NBC News reported the account through Instagram's in-app reporting feature, along with several others. The Instagram app responded with a message stating that the company couldn't "prioritize all reports right now" as it had fewer people available to review reports because of the pandemic. "So we're only able to review content with the most potential for harm," the message said, suggesting muting or blocking the account in the interim.
Instagram said that some of the content review work had shifted from contractors to full-time employees but that those employees were highly trained on the platform's content policies. The company's capacity to review child sexual exploitation material remained unchanged, it said.
On Twitter, hashtags that child protection groups and online activists have been reporting for months and flagged to NBC News, such as #MegaLinks, continue to be used to advertise or ask for "C.P." links or groups on Telegram, WhatsApp and other platforms, including Mega and the messaging app TamTam. Some users shared links publicly or offered to share links to people who sent them direct messages. NBC News did not click on the links or interact with any of the users.
Mega Chairman Stephen Hall said the company has "zero tolerance" for child sexual abuse material and that when it receives a report, it immediately disables links to files shared on its platform, closes the user's account down and shares account details with authorities in New Zealand, where Mega is headquartered.
In the first three months of 2020, Telegram has taken down 26 percent more groups and channels for child abuse than it did over the same period in 2019 — 18,815 compared to 14,950, according to data it releases online each day. April is on course to be its largest month ever for takedowns of those kinds of channels.
A pandemic push
To meet the increased demand for new material, more children are being sexually abused on camera, experts say.

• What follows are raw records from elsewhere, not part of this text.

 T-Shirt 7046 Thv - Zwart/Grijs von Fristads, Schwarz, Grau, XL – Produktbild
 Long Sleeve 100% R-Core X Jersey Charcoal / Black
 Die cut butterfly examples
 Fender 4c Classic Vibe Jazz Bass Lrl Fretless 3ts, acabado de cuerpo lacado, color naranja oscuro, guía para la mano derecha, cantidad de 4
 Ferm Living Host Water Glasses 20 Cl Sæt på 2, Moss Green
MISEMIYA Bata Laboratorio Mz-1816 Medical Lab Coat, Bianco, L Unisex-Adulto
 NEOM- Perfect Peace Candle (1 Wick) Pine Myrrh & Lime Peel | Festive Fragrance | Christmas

"Child sex offenders are not satisfied viewing the same old materials over and over again. They want to see new photos and videos of children being sexually abused with escalating violence," said John Tanagho, a field office director for the International Justice Mission, a nonprofit that helps rescue children in the Philippines from being sexually abused on demand by Westerners via livestreams.
New material is sometimes created on demand in exchange for payment. The material is often recorded and subsequently distributed as videos or still images.

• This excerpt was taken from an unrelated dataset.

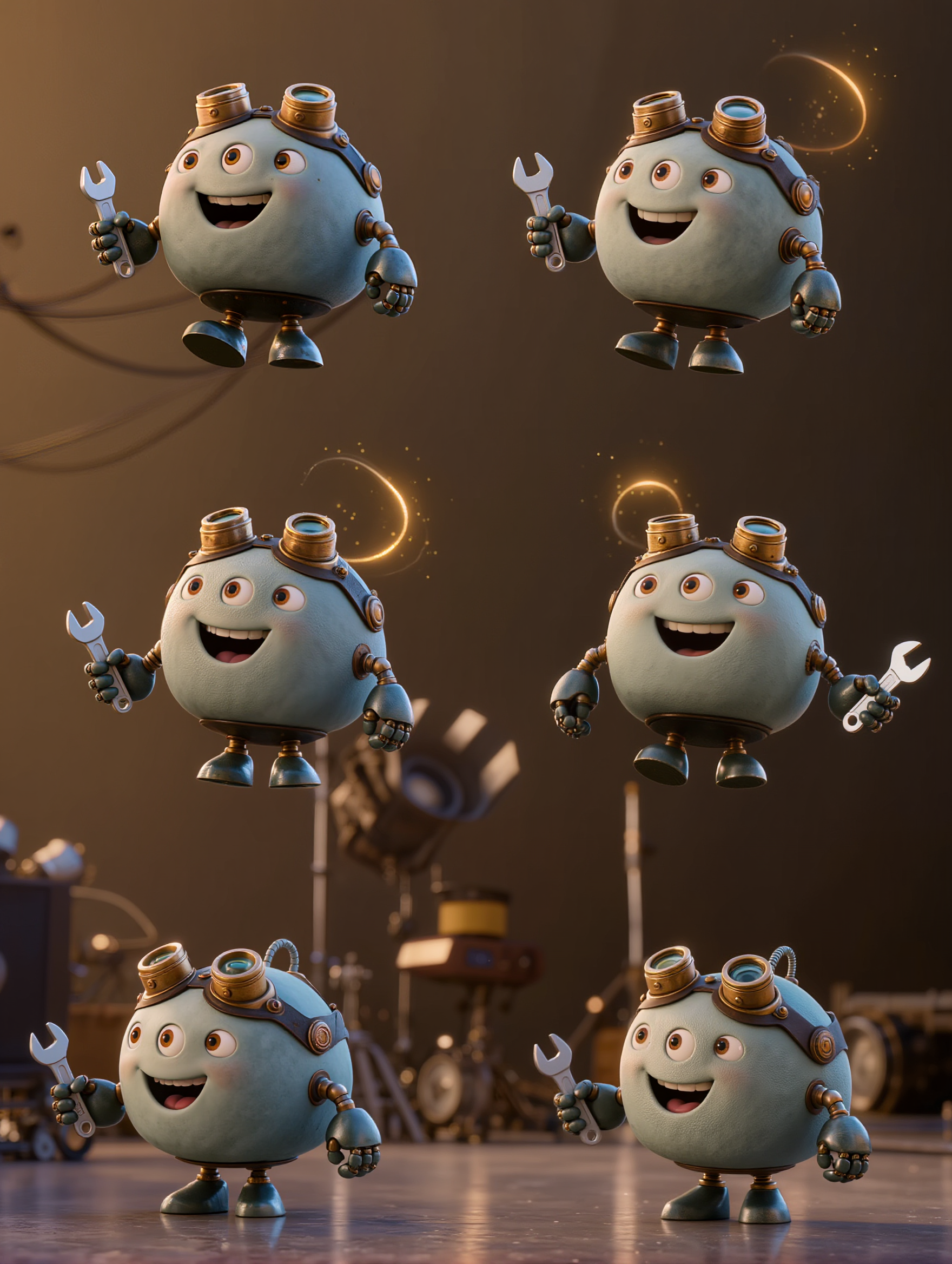 gimber...  space character - full body character creator AI image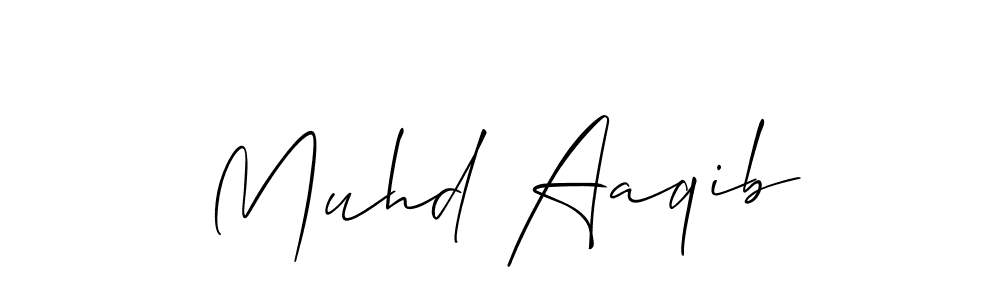 Once you've used our free online signature maker to create your best signature Allison_Script style, it's time to enjoy all of the benefits that Muhd Aaqib name signing documents. Muhd Aaqib signature style 2 images and pictures png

The livestreams are "the engine" that creates child sexual abuse material, Tanagho said. Although it's difficult to measure because the platforms lack the tools to screen livestreams, he said, there are "very strong indicators of a spike" in livestreamed child sexual abuse. Cybertips of child sexual exploitation in the Philippines, including the distribution and consumption of material, tripled in the first three months of 2020, corresponding with the global lockdown.
"With COVID-19 it's a perfect storm. Traffickers are on lockdown in the Philippines. Victims are not at school," Tanagho said, adding that in more than 60 percent of cases the local trafficker is a family member or a close family friend.
He called for technology companies, including social media sites, messaging apps and livestreaming services, to make more of an effort to detect when children are being abused via livestreams on their platforms. "That's where the abuse is being facilitated. What they can see, law enforcement can't see," he said, saying tech companies could combine AI tools with human content reviewers to help ensure that victims are rescued sooner.
"It really comes down to a choice," he added. "If they choose to prioritize child protection, they will detect the exploitation as it's happening, and that means children will be rescued days or weeks or months after the abuse, as opposed to years."